What (and how strong) is the Ruby/Elixir connection beyond syntax inspiration? That is, can Ruby programmers generally pick up Elixir coding in no time? Also, while I’ve read Elixir addresses a different problem space (massive concurrency and more functional style in addition to a factor or more of speed increase) when is Ruby a BETTER fit than Elixir? Is there anything you simply wouldn’t / couldn’t use Elixir for where Ruby would be a good fit?
Beyond syntax, Elixir is functional and ruby is object oriented. How easy you can pick it up would depend on how easily you can make that transition. Also, getting used to managing states in actors is a different enough idea to take some getting used to.
I don’t think I can make a fair comparison for when ruby would be a better fit. I suspect that BEAM and elixir are overkill in scripting scenarios. But I don’t have much Elixir experience and haven’t touched Erlang in years. Someone else may have a better perspective on that.
Well the first advantage I can think of right now is that Ruby is much more mature, developed and has a way larger community.
I’m not very familiar with Ruby (I had actually started learning it a month prior discovering Elixir and then completely dropped Ruby in favor of Elixir) but I don’t think it helps that much to pickup Elixir. It’s imperative/object oriented versus Functional and that makes them very different. Besides Ruby I know Java, C, Haskell and Erlang and these last two definitely helped me understand and pickup Elixir way more than Ruby, Java or C.

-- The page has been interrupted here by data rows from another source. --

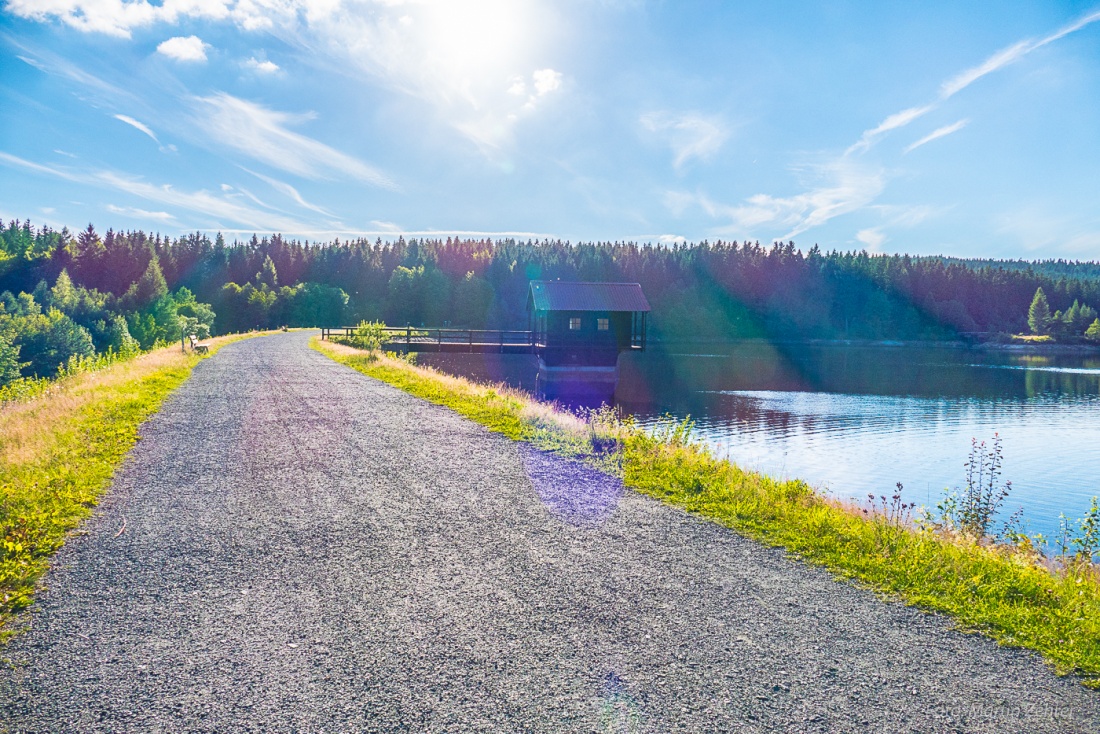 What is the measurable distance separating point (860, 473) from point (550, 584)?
58.0 feet

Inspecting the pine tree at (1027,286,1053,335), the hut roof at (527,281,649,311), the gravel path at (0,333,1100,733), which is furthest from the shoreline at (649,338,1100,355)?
the gravel path at (0,333,1100,733)

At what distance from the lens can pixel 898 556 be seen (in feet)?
23.5

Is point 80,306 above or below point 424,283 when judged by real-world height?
below

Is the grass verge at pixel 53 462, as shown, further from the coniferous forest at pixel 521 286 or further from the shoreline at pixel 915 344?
the shoreline at pixel 915 344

Elixir was, in part inspired by Ruby (José himself being a prominent member of the Ruby community - he also wrote one of the most used libraries, Devise).
Although on the face of it many think the syntax was inspired by Ruby, I would say it was actually inspired by a more fundamental principle - of developer happiness and a system that ‘just makes sense’. Of course the syntax is itself inspired by this, but it goes beyond syntax.
Having said that, I think José has also tried to stay true to Erlang and this certainly shows when using Elixir.
When would I use Ruby? When I don’t need Elixir
When I write a script for the server, or need to put a site up quick, or have a smaller project in mind I would use Ruby. Mainly for two reasons: I know it, and there is a huge community/set of libraries out there. Chances are if you want to do something someone already has in Ruby.
That may well change as I learn Elixir. I’m hoping it does actually, as my brain can’t hold too much information so sticking to one language would be preferential for me
That was at least part of where I was coming from in raising the original question. I used to code pretty near everything in C or shell script, not so much because they were always perfect but because they were “good enough” (C generally more than good enough in speed; shell generally more than good enough in concision and string processing) and using them saved me a lot of time trying to cram another language into my brain. At the moment there are so many languages out there, promising so many “advantages”, I am having a hard time picking one. Adding to the problem, when I do buy some books and try to settle down to study I generally find some significant problem with each of them: too hard (Haskell); too dependency/library ridden (most of them); too slow (JVM…at least to load); no gui; poorly documented and/or buggy; unhelpful user community (Java); clearly going nowhere or already obsolescent, etc. Yeah, I guess I’m getting picky!
I guess it depends on what you want to do? Elixir will I’m sure, over time, be just as good as Ruby in terms of community/libraries (perhaps in part because it’s culturally very similar).
I would let the benefits that are important to you - drive your choices in a language, while of course making sure it is one you enjoy, or better still, love!
AstonJ, but in theory - in your opinion, at least - there isn’t anything ruby can do that elixir won’t, in time, be able to do a “good enough” job in, at least? I’ve never heard ruby criticized in terms of flexibility - only, sometimes, in terms of speed. Mostly I hear how the people who use it find it fun. If Elixir inherits the “fun” it should have quite a future. Thanks for the response.